• **Given records**:
↓↓↓

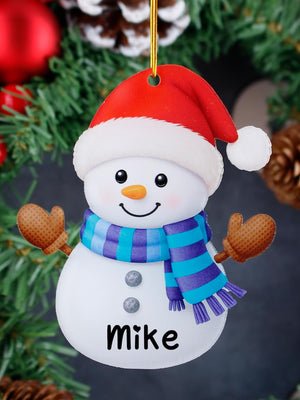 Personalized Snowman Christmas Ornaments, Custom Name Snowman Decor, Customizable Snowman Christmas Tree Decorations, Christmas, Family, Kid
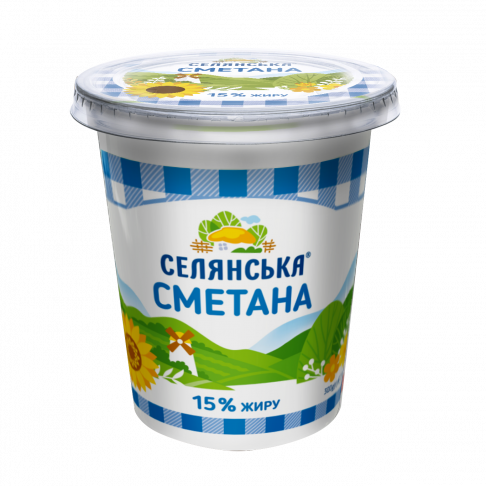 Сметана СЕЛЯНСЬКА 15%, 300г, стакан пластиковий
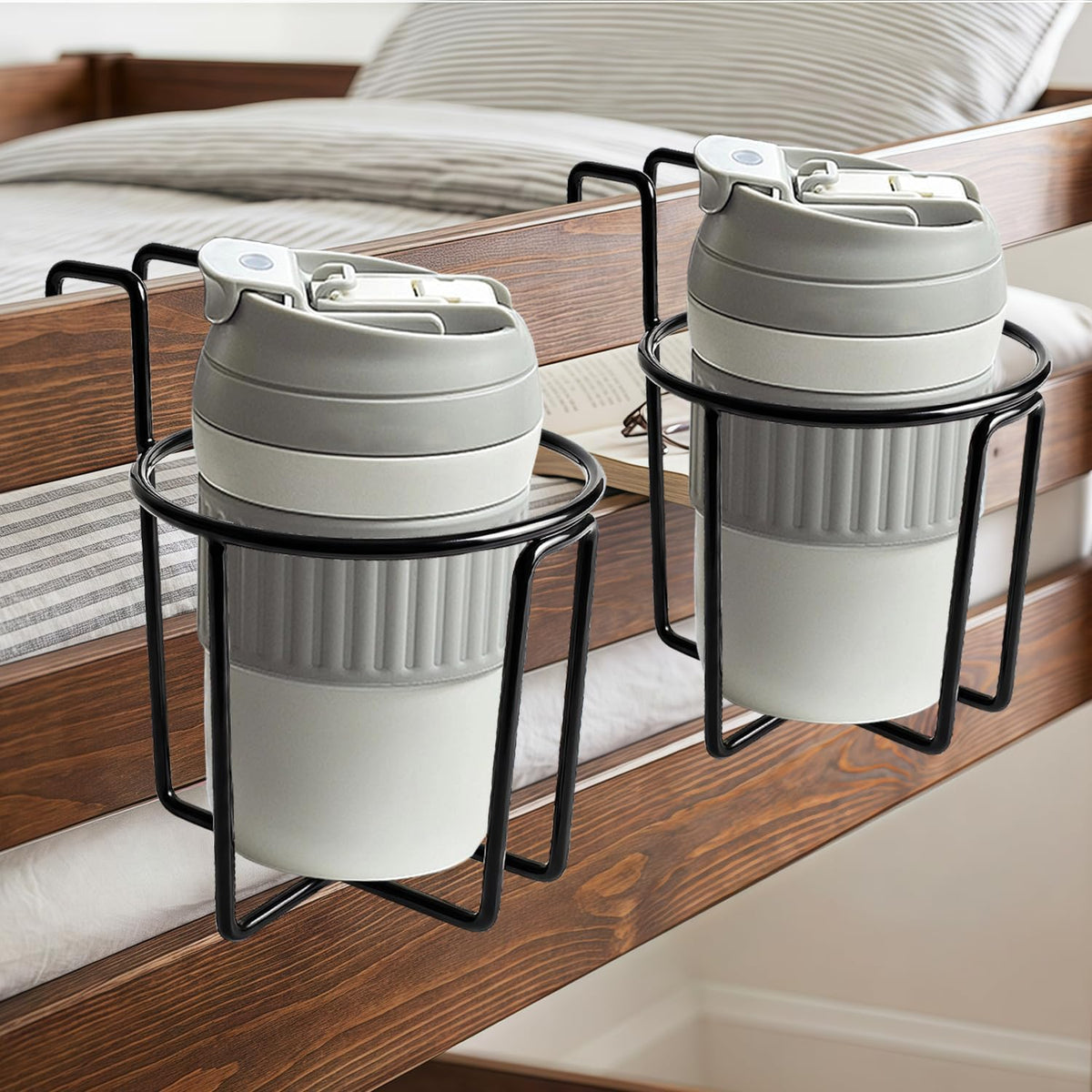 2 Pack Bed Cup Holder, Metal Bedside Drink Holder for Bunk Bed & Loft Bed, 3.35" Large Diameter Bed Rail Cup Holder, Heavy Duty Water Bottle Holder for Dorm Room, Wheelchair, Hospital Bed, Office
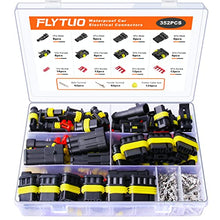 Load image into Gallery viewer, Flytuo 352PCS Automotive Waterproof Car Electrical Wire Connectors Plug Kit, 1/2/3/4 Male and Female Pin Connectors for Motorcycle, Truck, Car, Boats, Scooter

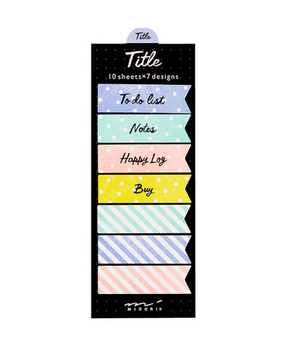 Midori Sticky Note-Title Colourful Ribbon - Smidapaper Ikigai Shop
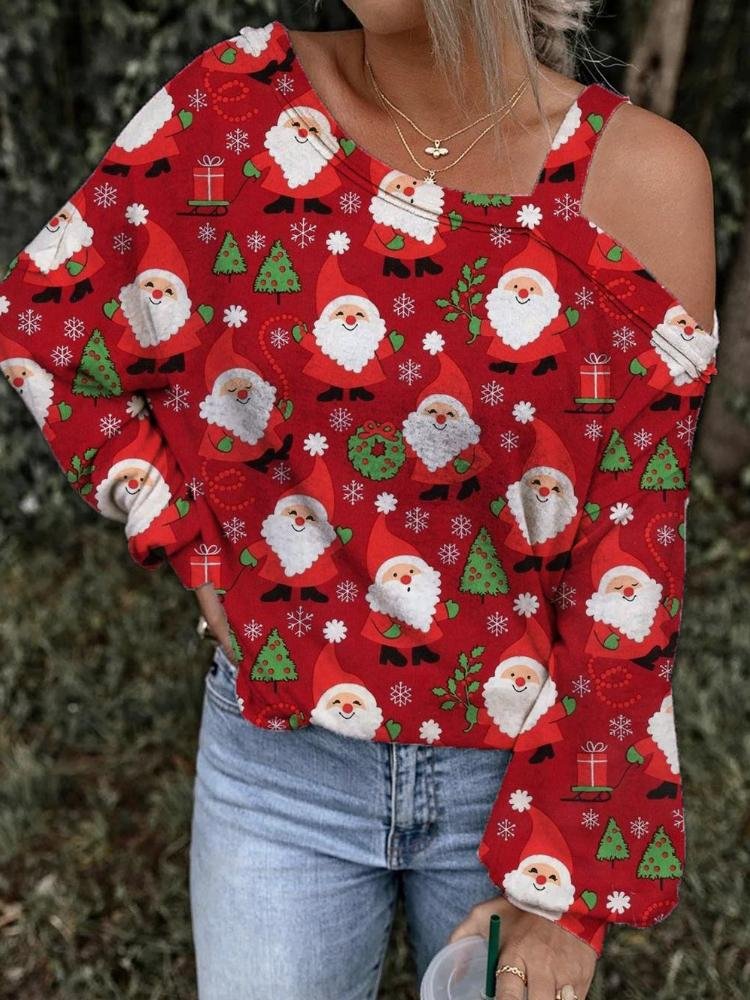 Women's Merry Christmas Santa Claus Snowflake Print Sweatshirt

↑↑↑
↓↓↓

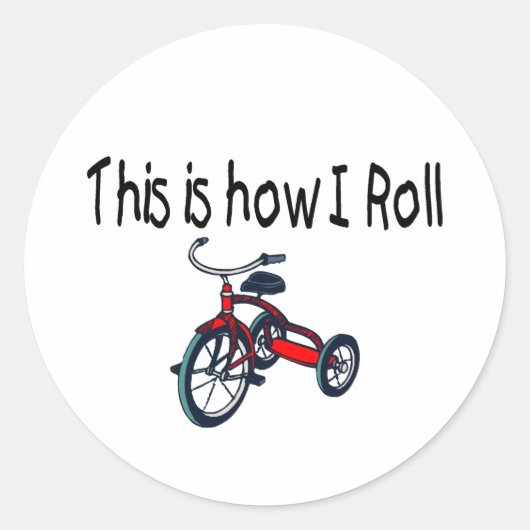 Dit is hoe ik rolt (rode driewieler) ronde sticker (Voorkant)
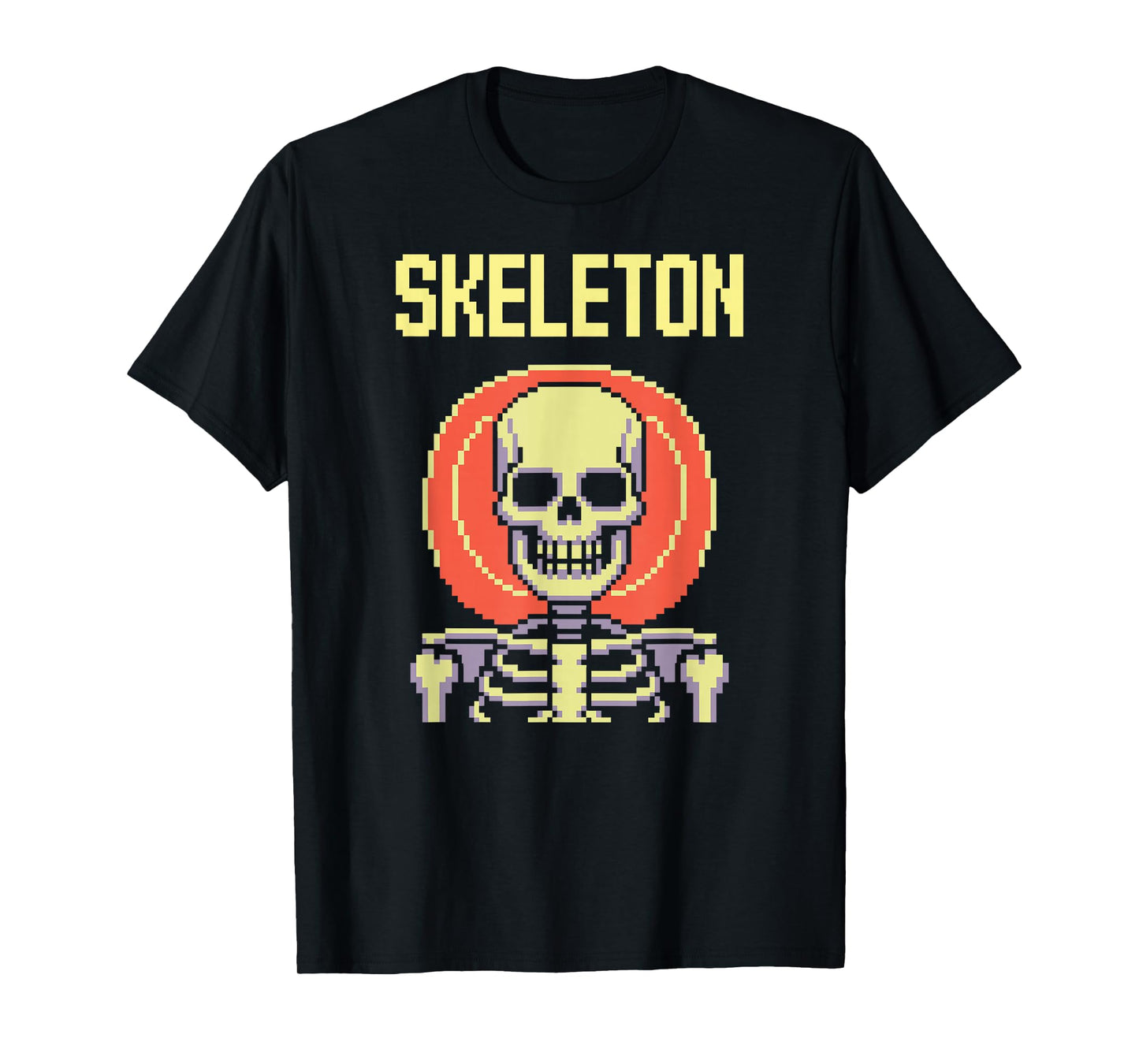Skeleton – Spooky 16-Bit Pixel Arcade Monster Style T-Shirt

↑↑↑

• **Task to carry out**:
Quote the lines above exactly, starting with the one that has "Personalized Snowman Christmas" and ending with the one that has "Сметана СЕЛЯНСЬКА 15%, 300г, стакан"; drop the pictures and include nothing else.

• **Task result**:
 Personalized Snowman Christmas Ornaments, Custom Name Snowman Decor, Customizable Snowman Christmas Tree Decorations, Christmas, Family, Kid
 Сметана СЕЛЯНСЬКА 15%, 300г, стакан пластиковий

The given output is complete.